▶ **Task instructions**: The data below is to be transcribed word for word; pictures are to be excluded.

Stored dataset items
┄┄┄┄┄┄
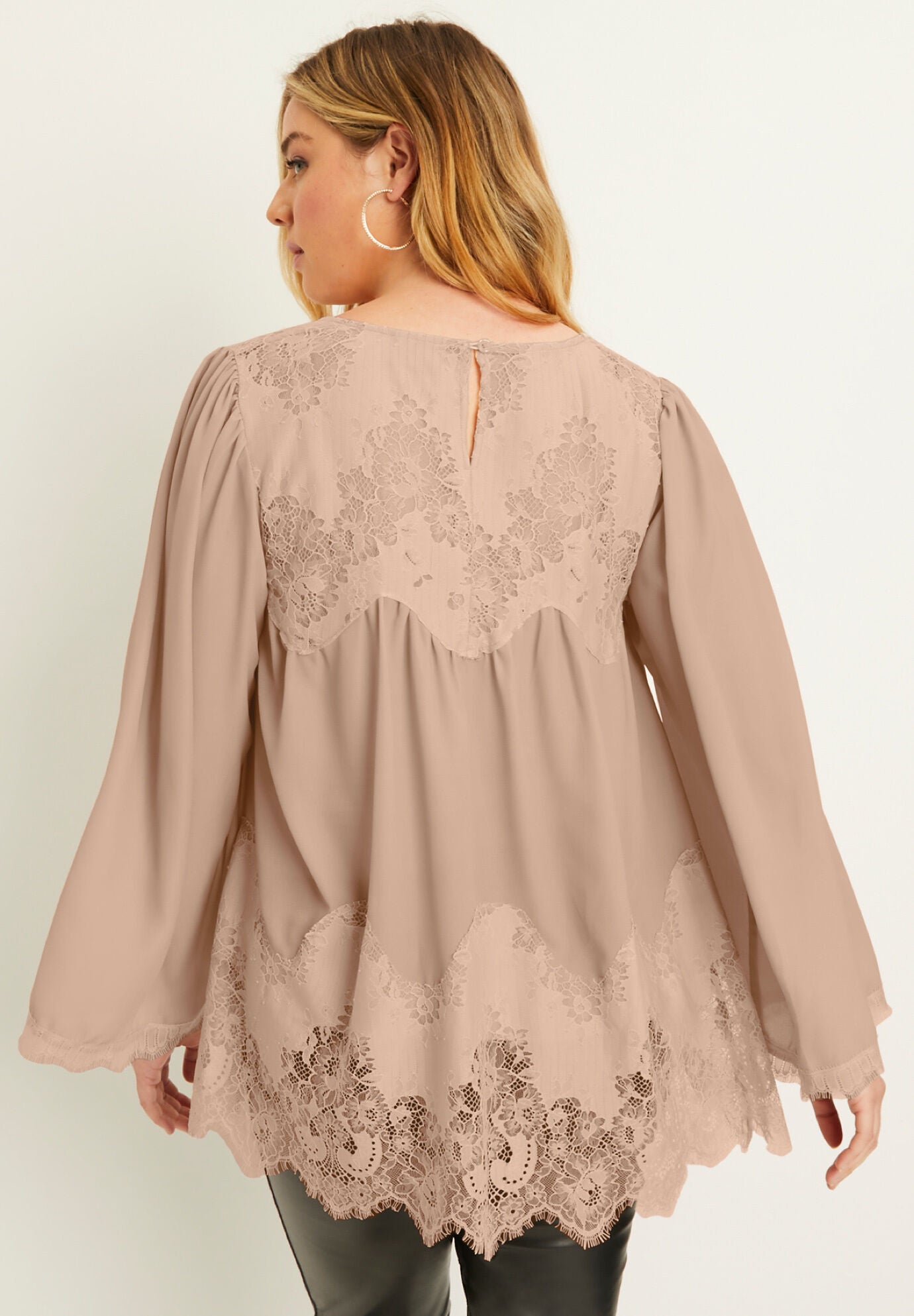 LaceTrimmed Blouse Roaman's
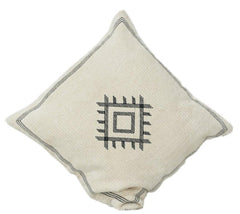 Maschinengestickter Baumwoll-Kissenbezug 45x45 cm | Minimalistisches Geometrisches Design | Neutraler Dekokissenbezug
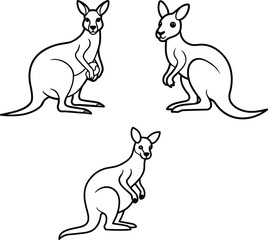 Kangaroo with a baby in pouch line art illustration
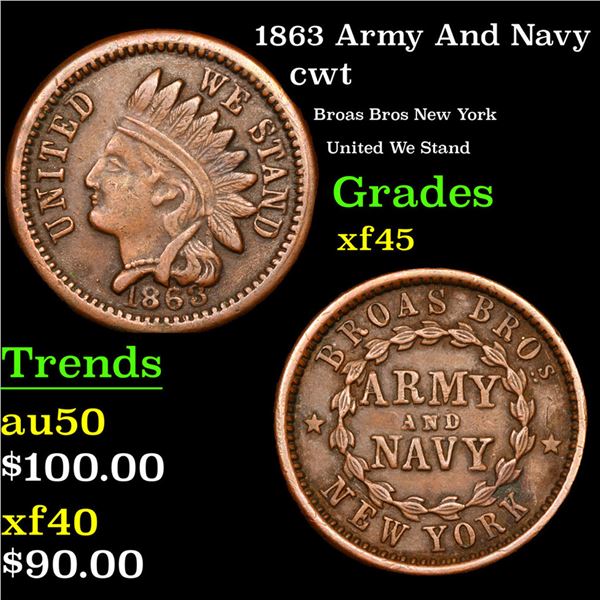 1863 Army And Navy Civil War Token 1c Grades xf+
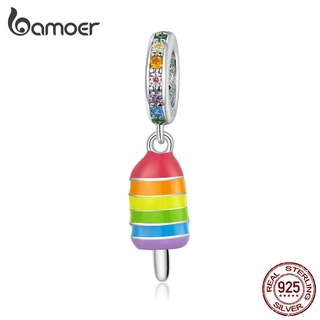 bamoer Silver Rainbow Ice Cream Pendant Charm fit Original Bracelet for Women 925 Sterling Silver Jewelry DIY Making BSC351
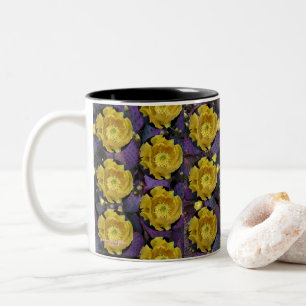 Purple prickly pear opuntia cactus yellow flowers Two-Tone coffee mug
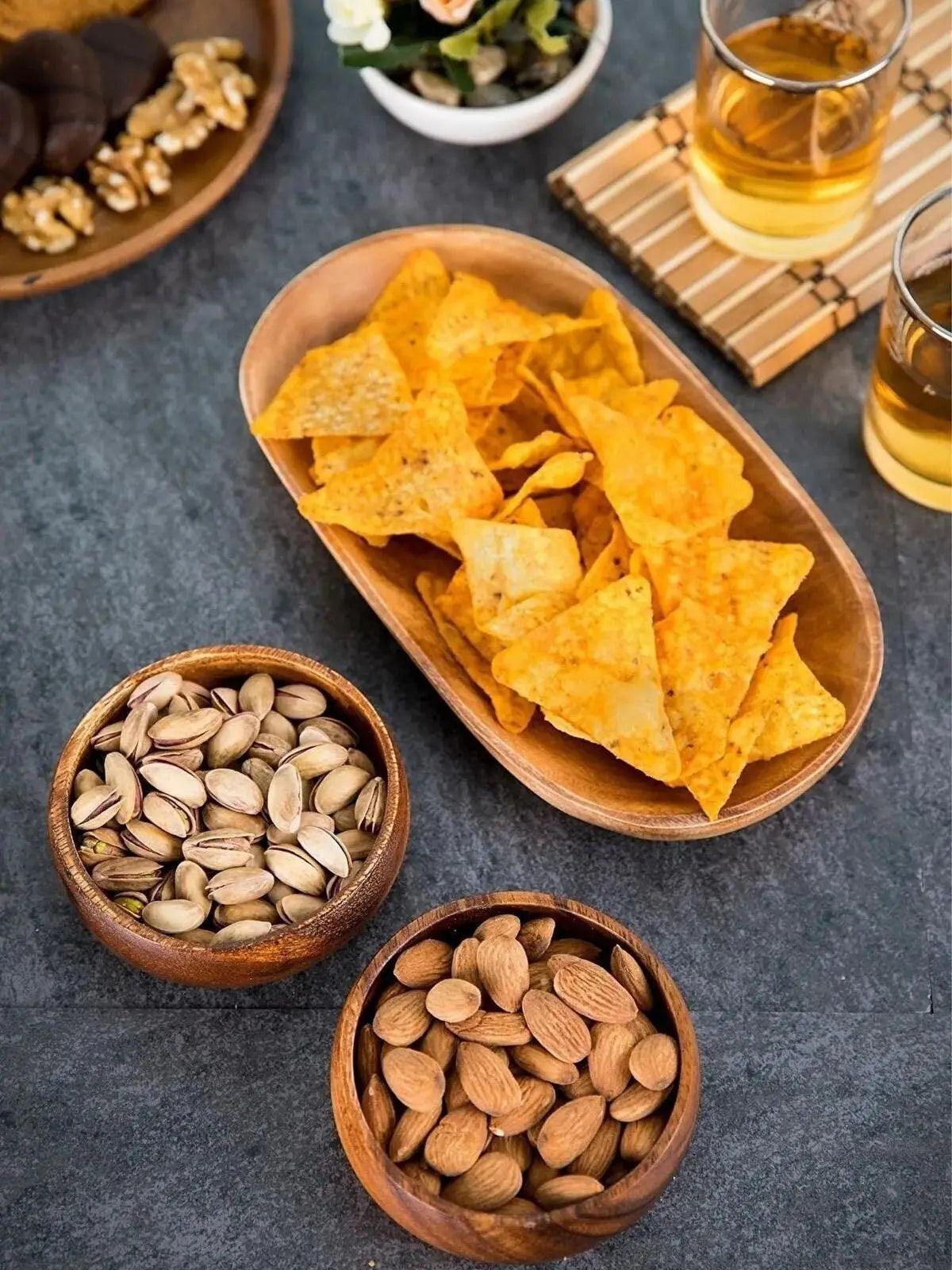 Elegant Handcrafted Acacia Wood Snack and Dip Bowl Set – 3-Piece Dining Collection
┄┄┄┄┄┄
▶ **Response area**:
 LaceTrimmed Blouse Roaman's
 Maschinengestickter Baumwoll-Kissenbezug 45x45 cm | Minimalistisches Geometrisches Design | Neutraler Dekokissenbezug
 Kangaroo with a baby in pouch line art illustration
 1863 Army And Navy Civil War Token 1c Grades xf+
 bamoer Silver Rainbow Ice Cream Pendant Charm fit Original Bracelet for Women 925 Sterling Silver Jewelry DIY Making BSC351
 Purple prickly pear opuntia cactus yellow flowers Two-Tone coffee mug
 Elegant Handcrafted Acacia Wood Snack and Dip Bowl Set – 3-Piece Dining Collection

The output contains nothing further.